Etwa 50 Prozent der Betroffenen haben eine Neumutation. NF1 betrifft vor allem Haut und Nervensystem. Sie wird daher den neurokutanen Erkrankungen (Phakomatosen) zugeordnet. Typische Veränderungen an der Haut sind Café-au-lait-Flecken sowie Neurofibrome. Als Café-au-lait-Flecken bezeichnet man milchkaffeefarbene Hyperpigmentierungen der Haut. Sie liegen im Niveau der Haut, können bei allen Menschen auftreten und sind harmlos. Bei Menschen mit einer NF1 treten sie gehäuft auf. Als Neurofibrome bezeichnet man gutartige Tumoren, die von den Zellen der Schwann’schen Scheiden kleiner in der Haut verlaufender Nervenfasern ausgehen. Im zentralen Nervensystem (ZNS) treten gehäuft Tumoren verschiedener Lokalisation auf. Patienten können aufgrund der Erkrankung geistig behindert (minderbegabt) sein und an epileptischen Anfällen leiden. Des Weiteren sind häufig Augen (mit resultierender Sehschwäche) und Knochen mitbetroffen. Die Pubertät kann verfrüht oder verspätet eintreten. Eine Neurofibromatose wird durch eine Veränderung in einem Gen hervorgerufen, welches normalerweise hemmend auf die Zellteilung Einfluss nimmt. Es kommt daher zu überschießender Gewebsvermehrung und damit zu den typischen Veränderungen. Die Diagnose wird meist anhand des klinischen Bildes bereits in der Kindheit gestellt. Da es sich bei Morbus Recklinghausen um eine genetische Erkrankung handelt, ist eine Therapie, welche ihre Ursache beseitigt, derzeit nicht möglich. Es werden daher nur Veränderungen behandelt, die für den Patienten störend oder gefährlich sind. Eine weitere bekannte Form der Neurofibromatose ist die Neurofibromatose Typ 2 (NF2), welche wesentlich seltener auftritt und von einer Mutation auf einem anderen Gen verursacht wird.
Geschichte
Eine eher anekdotische Erstbeschreibung findet sich bei Robert William Smith 1849. Friedrich Daniel von Recklinghausen legte 1882 die erste präzise klinische und pathologische Charakterisierung vor. Alex Thomsen gab um 1900 die ersten statistischen Daten und eine ausführliche Bibliographie heraus. Joseph Merrick, der sogenannte „Elefantenmensch“, galt lange Zeit als ein Beispiel für die entstellenden Auswirkungen der Recklinghausenschen Krankheit. Sein Leben im viktorianischen England war Grundlage für Bücher und Filme, insbesondere David Lynchs Der Elefantenmensch. Merricks schwere Entstellungen prägten die weitverbreiteten falschen Vorstellungen von der Monstrosität der Patienten mit einer Neurofibromatose Typ 1. Nach einer DNA-Analyse im Jahre 2003 litt Merrick aber am Proteus-Syndrom, wobei eine zusätzliche Erkrankung an Neurofibromatose Typ 1 wahrscheinlich ist. Die ältesten noch erhaltenen schriftlichen Schilderungen über die Erkrankung stammen aus dem 13. Jahrhundert.

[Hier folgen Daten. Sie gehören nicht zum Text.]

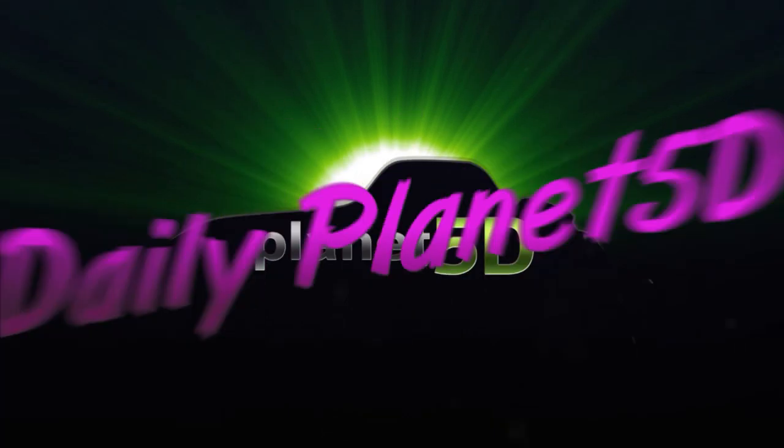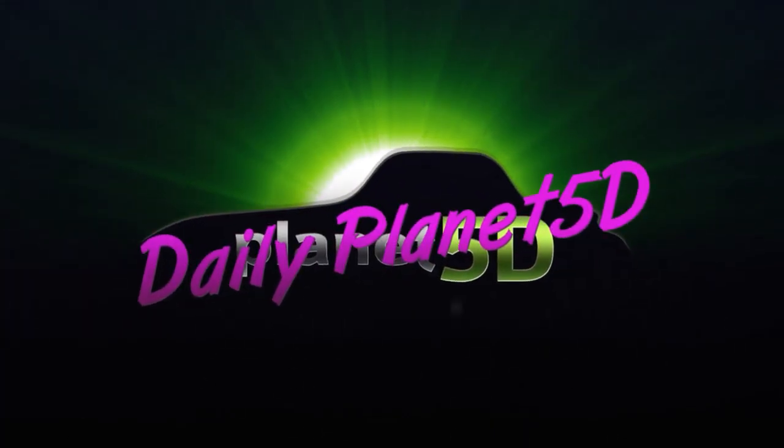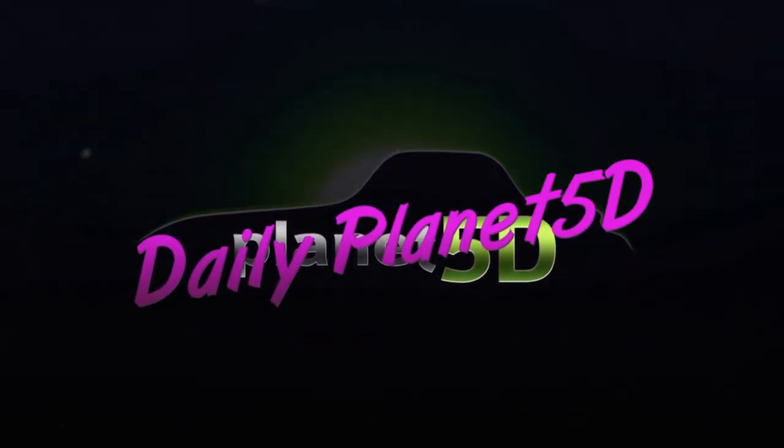Rising on the Planet 5D logo means it's time for episode 23 of the Daily Planet 5D: the Small HD HDMI Port Protector.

Inzidenz, Erbgang und Epidemiologie
Man schätzt etwa 30 bis 40 Erkrankte auf 100.000 Einwohner, was einer Erwartung von einem betroffenen Kind pro 2500 bis 3300 Geburten entspricht. In der Hälfte der Fälle geht man davon aus, dass eine Neumutation zu den Veränderungen im Erbgut führt. Alle bisherigen Beobachtungen bestätigen den autosomal dominanten Erbgang, was bedeutet, dass ein betroffener Elternteil mit einer Wahrscheinlichkeit von 50 Prozent die Erkrankung an seine Kinder weitergibt. Man findet keine unterschiedlichen Häufigkeiten in verschiedenen Regionen der Erde oder unter Angehörigen anderer ethnischer Gruppen. Allerdings erkranken Männer etwas häufiger als Frauen. Die hohe Rate der Neumutation wird mit dem Umstand erklärt, dass das NF-1-Gen sehr groß ist und somit viel Angriffsfläche für genetische Veränderungen bietet.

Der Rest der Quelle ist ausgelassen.